Les chiffres parlent d’eux-mêmes. Avec la flambée des prix de l’énergie, les factures d’électricité et de gaz vont être multipliées par 3 dès 2023 par rapport à 2002, et par 5 par rapport à 2021, voire plus. Les prix étant en général, négociés pour 3 ans pour les professionnels, la filière alimentaire et de produits de grande consommation estime que les hausses de contrat, en fonction des dates de négociations, s’étaleront entre + 50 % et + 800 % ! Même constat du côté du CdCF qui tire la sonnette d’alarme sur les augmentations intervenues dans les récents contrats de fournitures d’énergie où l’on assiste à une multiplication allant jusqu’à 4 fois des factures. Et les prévisions à venir sur les prix sont très alarmistes puisque des coefficients fois 5, voire fois 15, sont déjà proposés par les fournisseurs d’énergie.
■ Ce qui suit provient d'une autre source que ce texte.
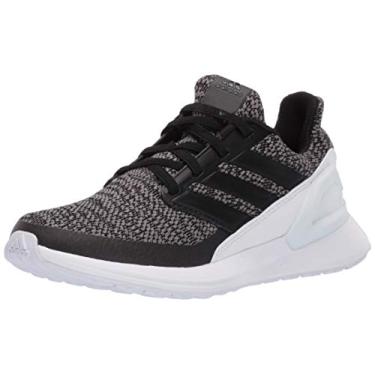 Imagem de adidas Tênis de corrida infantil unissex RapidaRun Wide, Preto/Preto/Cinza, 11.5K M US Little Kid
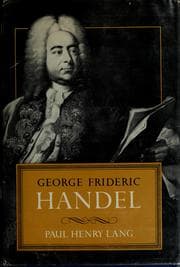 Tapa de George Frideric Handel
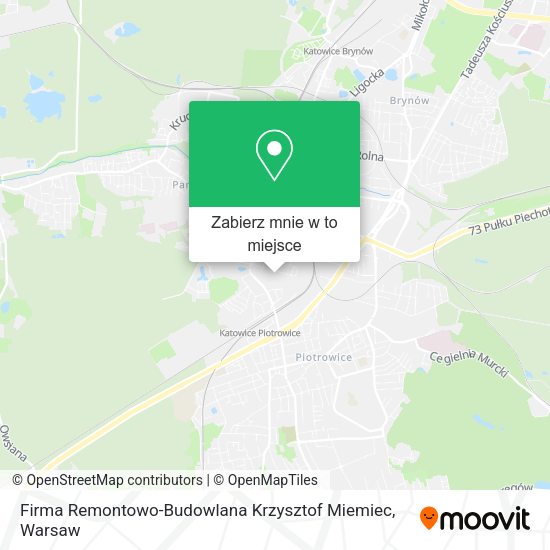 Mapa Firma Remontowo-Budowlana Krzysztof Miemiec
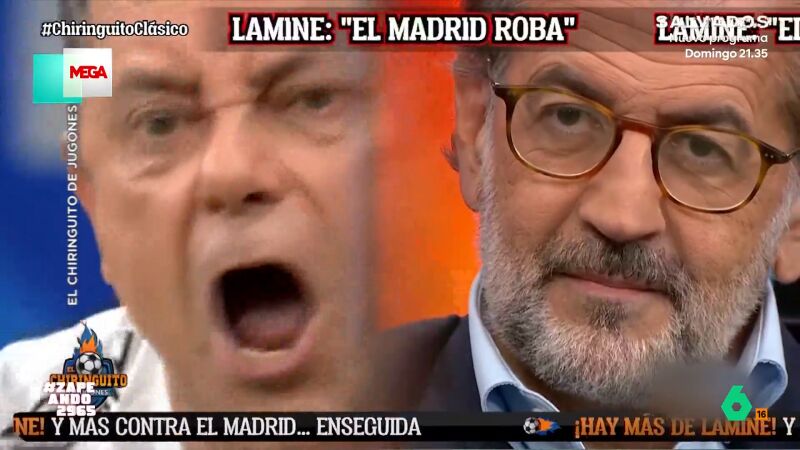 Lamine Yamal incendia la previa del Clásico y Tomás Roncero estalla: "¡El Madrid no roba, el Madrid es víctima!" Lamine Yamal incendia la previa del Clásico y Tomás Roncero estalla: "¡El Madrid no roba, el Madrid es víctima!"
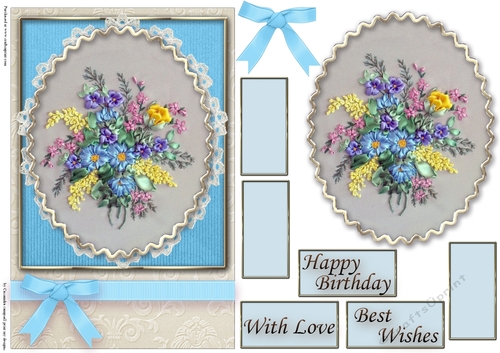 Birthday Floral Quick card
D’ailleurs, certains acteurs ne se voient même plus proposer de contrat… Même le gouvernement a prévenu : “Les prix sur les marchés du gaz et de l’électricité pour des livraisons en 2023 sont toujours à des prix près de 10 fois supérieurs à ceux de 2020”.
Bien sûr, des aides de l’État ont été mises en place, mais le mécanisme d’amortissement des coûts de l’électricité ne suffit pas et ne couvre que 10 % à 20 % de la hausse des factures, mettant les entreprises en grand danger. Les coûts d’exploitation augmentent. Les inquiétudes sur l’évolution de la demande sont multiples. Et très peu d’enseignes sont en mesure de transférer dans le prix de vente consommateur, la totalité des augmentations de leurs coûts. De ce fait, l’écrasement des marges et des résultats est inéluctable. Si, globalement, un distributeur réalise deux ou trois points de résultat, quand le prix de l’énergie double ou triple, cela mange entre un tiers et la moitié de ce résultat. Le tout dans un contexte où beaucoup d’entreprises étaient déjà sous tension avant même d’aborder ce dernier trimestre où elles jouent leur résultat annuel.
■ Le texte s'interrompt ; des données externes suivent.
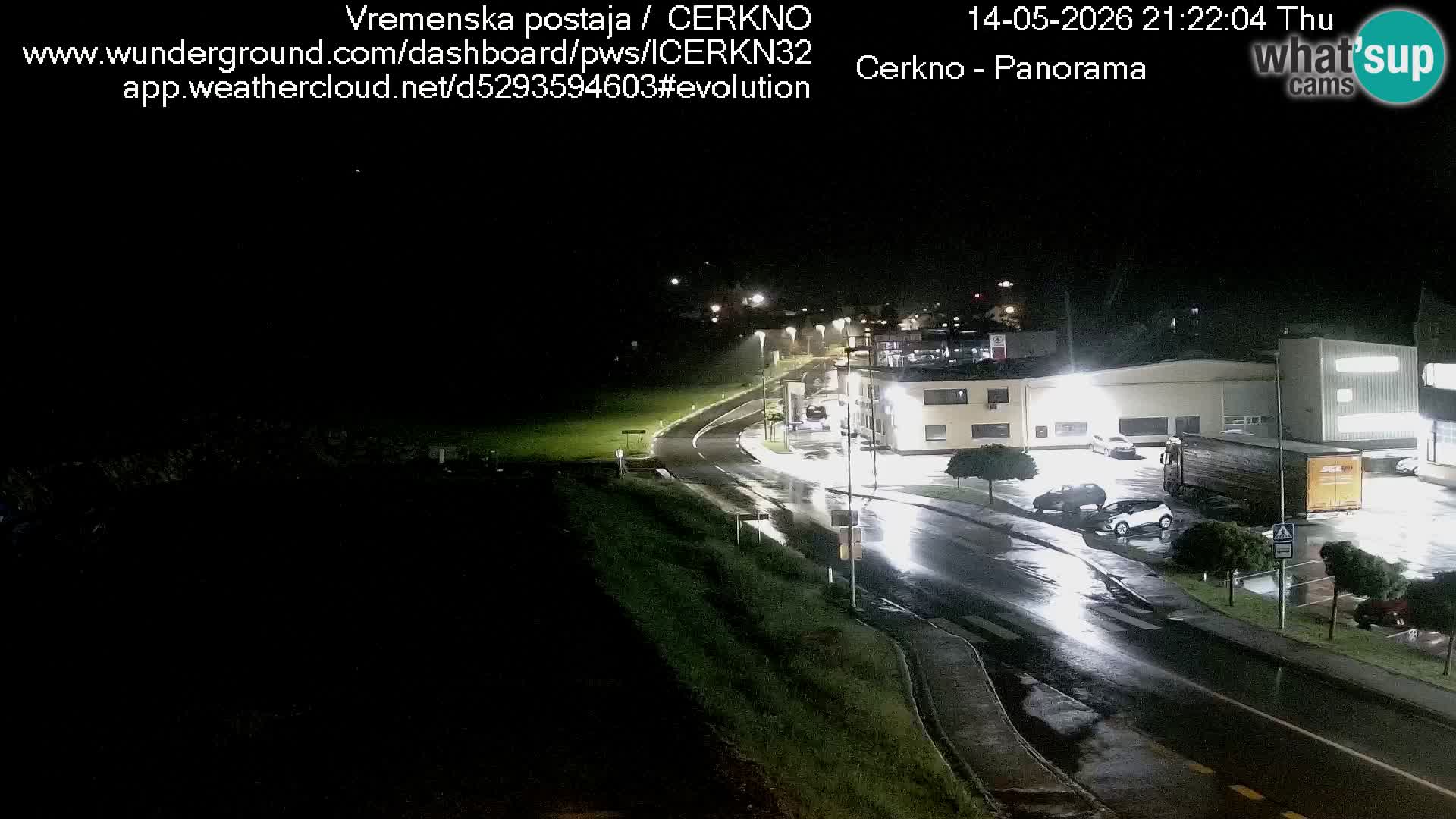 Webcam Ingresso Città di Cerkno
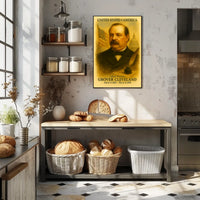 Grover Cleveland 22nd President of the United States Vintage Watercolor Poster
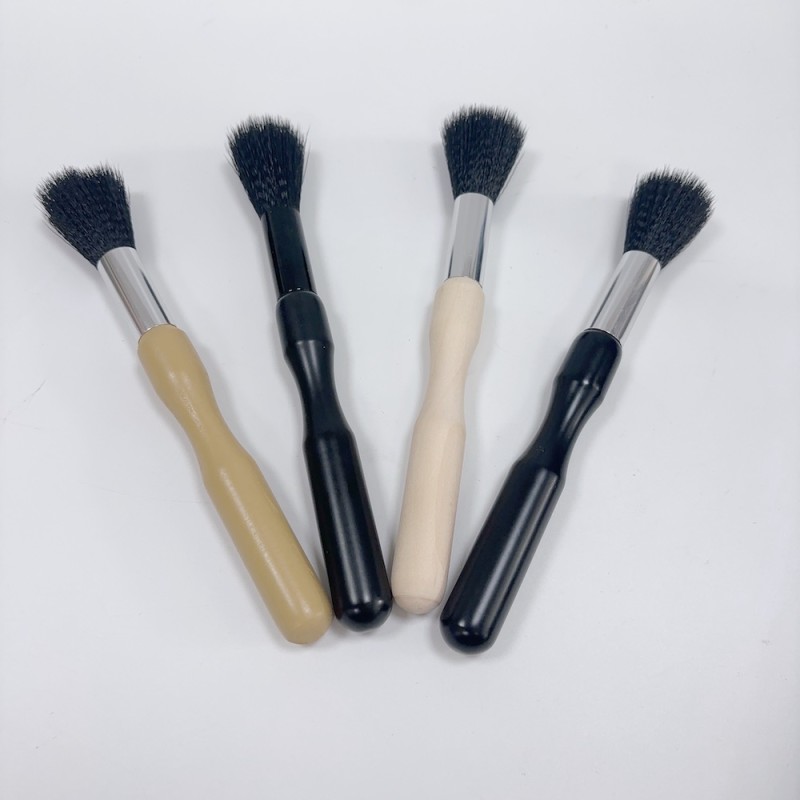 Coffee Powder Brush Supplier - Wooden Espresso Filter Cleaning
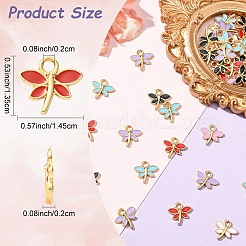 50Pcs Alloy Enamel Charms&nbsp;ENAM-YW0006-26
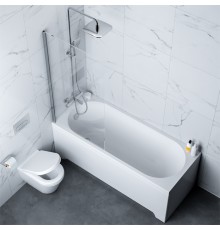 Ravak Sonata II Ванна 160х70см, встраиваемая, цвет: белый. C634R00000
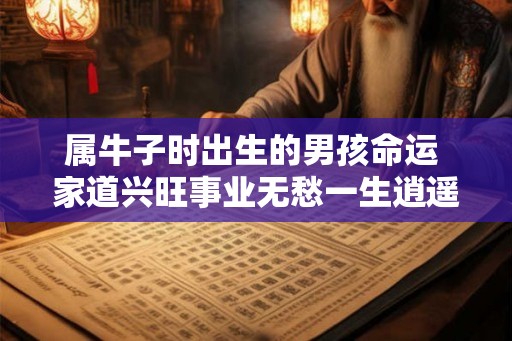 属牛子时出生的男孩命运 家道兴旺事业无愁一生逍遥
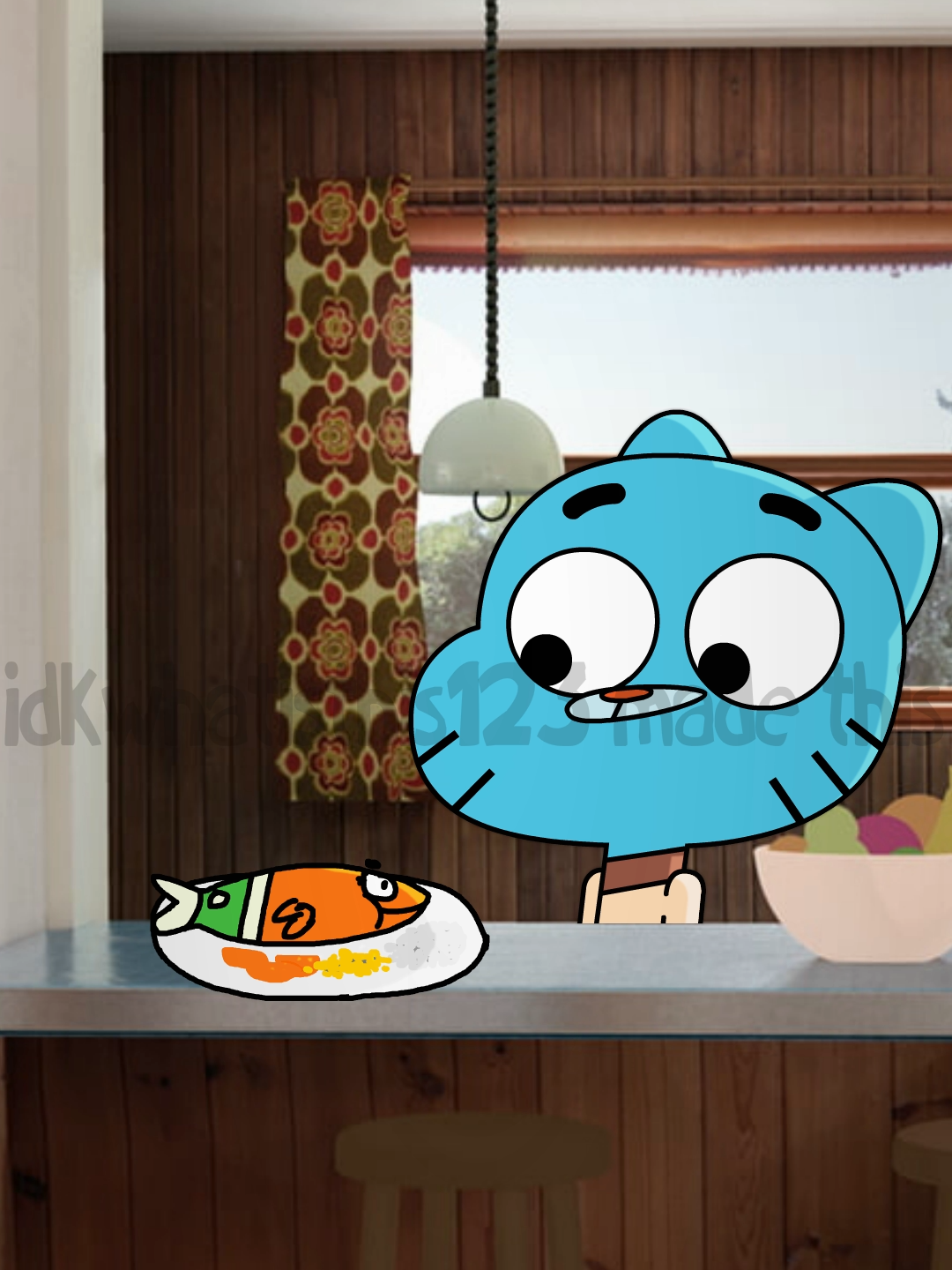 too late gumball... darwin is now a ceviche 😔😔 #fyp #animationmeme #gumballwatterson #tawog #elincreiblemundodegumball #twwwog #wellthisstinks  probably another lazy animation, im just busy with other animations :p gumball rigs by ironskarmory676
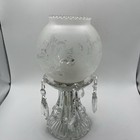 Vintage Michelotti Lamp Lead Free Crystal Clear Frosted Hanging Beads 9x5   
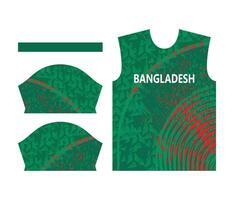 Bangladesch Kricket Mannschaft Sport Kind Design oder Bangladesch Kricket Jersey Design vektor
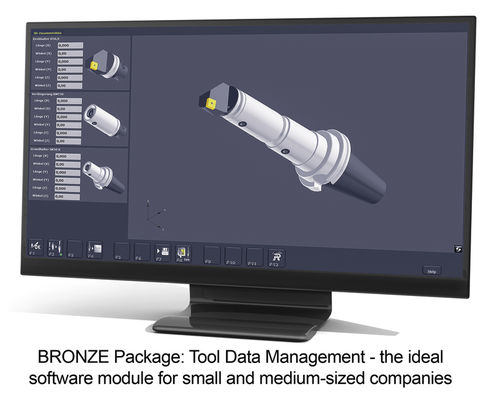 Software de gestão - BRONZE Basic - ZOLLER - de fabricação / para usinagem / para aeronáutica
De fait, les mises en recouvrement s’accélèrent, par les foncières et, depuis la fin de l’été, via l’Urssaf. La franchise devrait être impactée à courte échéance. Certaines enseignes estiment qu’un quart de leurs franchisés risquent de ne pas passer l’année 2023. Globalement, les importants besoins de restructuration dans certains secteurs offriront des opportunités d’alliances et de rachats pour ceux qui sont en meilleure santé. Les phénomènes de consolidation vont donc probablement s’intensifier.
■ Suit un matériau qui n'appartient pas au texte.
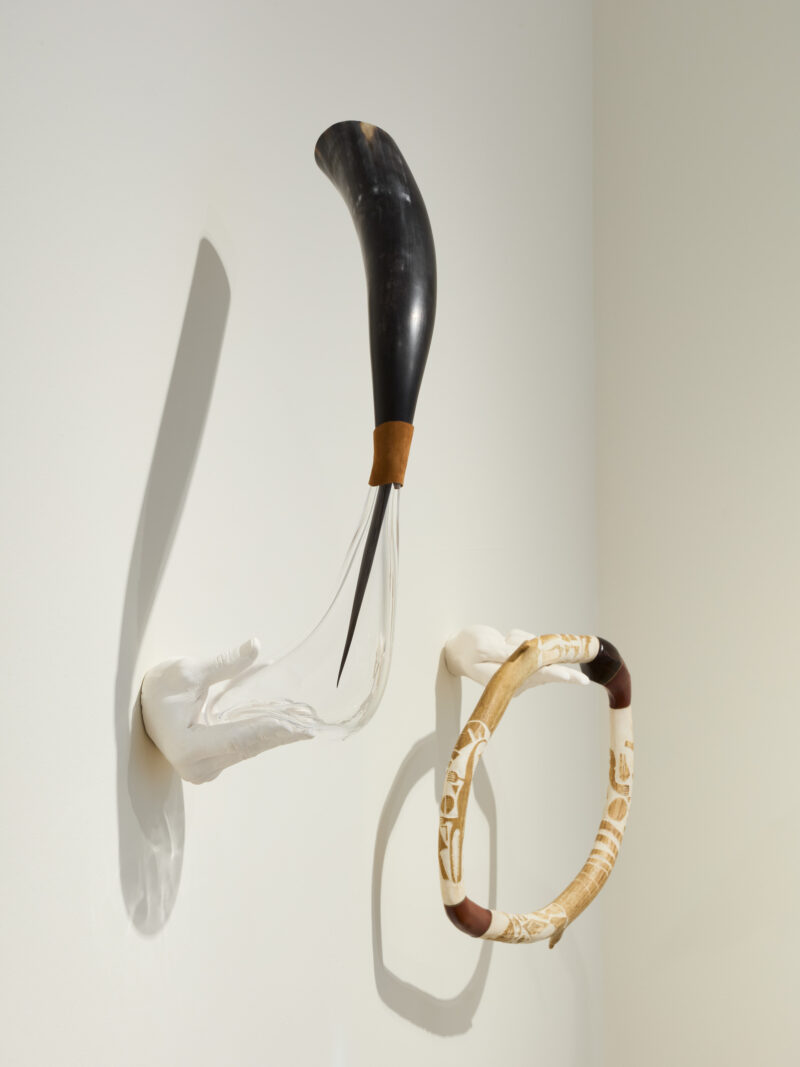 Installation shot from Ahmed Umar: Glowing Phalanges, @ Holtermann Fine Art
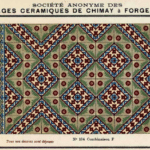 tegel met patroon van Societe Anonyme des carrelages Ceramiques de Chimay a Forges Lez Chimay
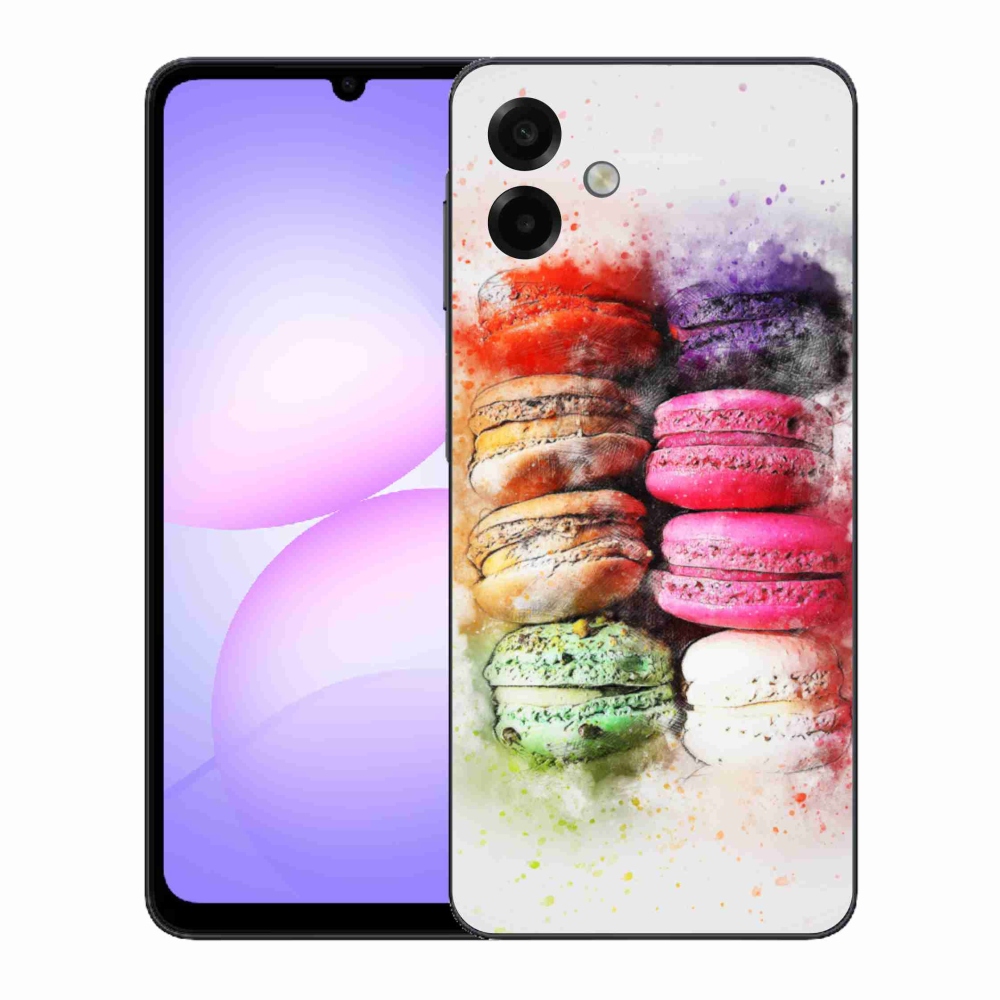 Gélový kryt mmCase na Samsung Galaxy A07 - makrónky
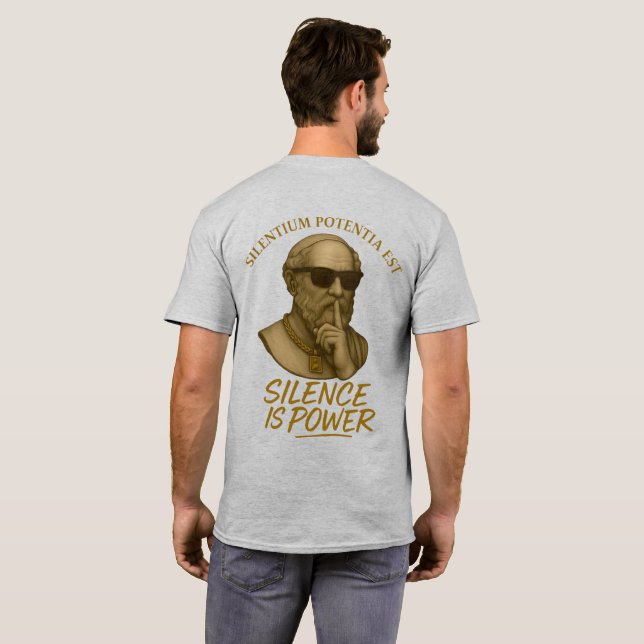 T-shirt Silentium Potentia Est – Le Pouvoir de la Force Tr (Dos entier)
Évidemment, beaucoup d’entreprises n’ont pas attendu la crise pour mettre en place des solutions d’efficacité énergétique. Mais si le contexte réglementaire avait déjà poussé les acteurs dans une dynamique d’efficacité énergétique sur le long terme (-40 % en 2030 vs une année de référence à définir), c’est bien le contexte de crise actuel qui a changé la donne. Le gouvernement a appelé à réduire de 10 % la consommation d’énergie dans un délai beaucoup plus court, 2 ans maximum. Ainsi, depuis cet été, sous l’impulsion de Perifem, les distributeurs ont commencé à mettre en place une série de mesures de sobriété énergétique jusque-là inédites. La démarche inscrite dans le long terme a donc rencontré une crispation soudaine où il faut, déjà, réduire drastiquement sa consommation. On ne parle plus d’efficacité énergétique mais de sobriété avec, à la clé, de nouveaux business models à inventer susceptibles de fonctionner avec un coût de l’énergie durablement plus élevé. Mais ce que demande, surtout, la sobriété énergétique, c’est de changer de comportement, de changer la façon d’utiliser de l’énergie, pour en utiliser structurellement moins. L’énergie la moins chère est celle que l’on ne consomme pas.